As part of the deal, IBM will establish a security R&D lab in Tel Aviv, where 200 Trusteer and IBM employees will work on mobile and application security solutions, as well as advanced threat, malware, counter-fraud, and financial crimes solutions. Establishing local operations out of Israeli acquisitions is an oft-treaded route (some believe that this was one of the key tipping points for why Israeli social mapping startup Waze never got bought by Facebook; the social network wanted Waze in Menlo Park while Google, who did end up buying it for over $1 billion, has let Waze keep its dual California-Israel operations.) IBM already had other R&D operations in the country, but this will be their first focused on security specifically.

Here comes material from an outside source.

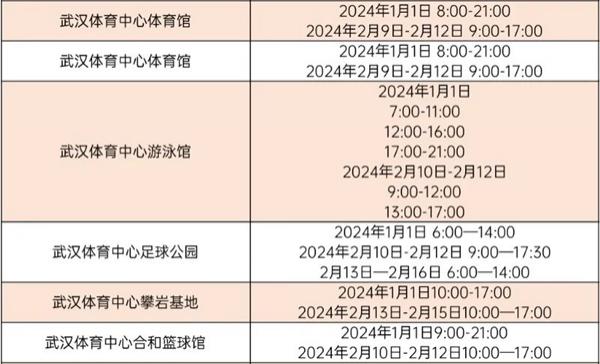 2024武漢元旦春節免費開放的體育館有哪些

Trusteer had a second headquarters in Boston.
Since first opening for business in 2006, Trusteer has picked up some 300 banking customers, including seven of the top 10 in the U.S. and nine in the UK. Calcalist reports that at the current rate of growth — adding some 25 enterprises each month at the moment — Trusteer projects that it will have 700 customers in two years’ time.
The rise of networked services, and the growth of connected devices to use with those networked services, has seen a corresponding rise in cyber security threats. Malicious hackers grow in number, and get more creative with how they infiltrate systems. That’s leading some security companies (Cyvera is one example I wrote about this week) to think outside the box for how to tackle problems specifically around zero-day (that is, never before identified and solved) attacks. And Trusteer is also among those trying to think creatively about how best to protect its customers. One example: for mobile banking security, it focuses on endpoints in the system — that is, mobile devices — to detect malware that could make its way from a device into the network.
This is one of the areas that most attracted IBM. “Trusteer’s expertise and superior technology in enterprise endpoint defense and advanced malware prevention will help our clients across all industries address the constantly evolving threats they are facing,” said Brendan Hannigan, GM, Security Systems Division, IBM, in a statement.
And just as malicious hackers are getting more creative, so are enterprises — another area that Trusteer is trying to tap into. “The way organizations protect data is quickly evolving,” said Mickey Boodaei, CEO, Trusteer, in a statement. “As attacks become more sophisticated, traditional approaches to securing enterprise and mobile data are no longer valid. Trusteer has helped hundreds of large banks and organizations around the world defeat thousands of sophisticated attacks using innovative solutions that combine intelligence, cloud, mobile, and desktop technologies.” Trusteer notes that other areas that will get covered in the acquisition will include cloud-based “security as a service,” (the other SaaS).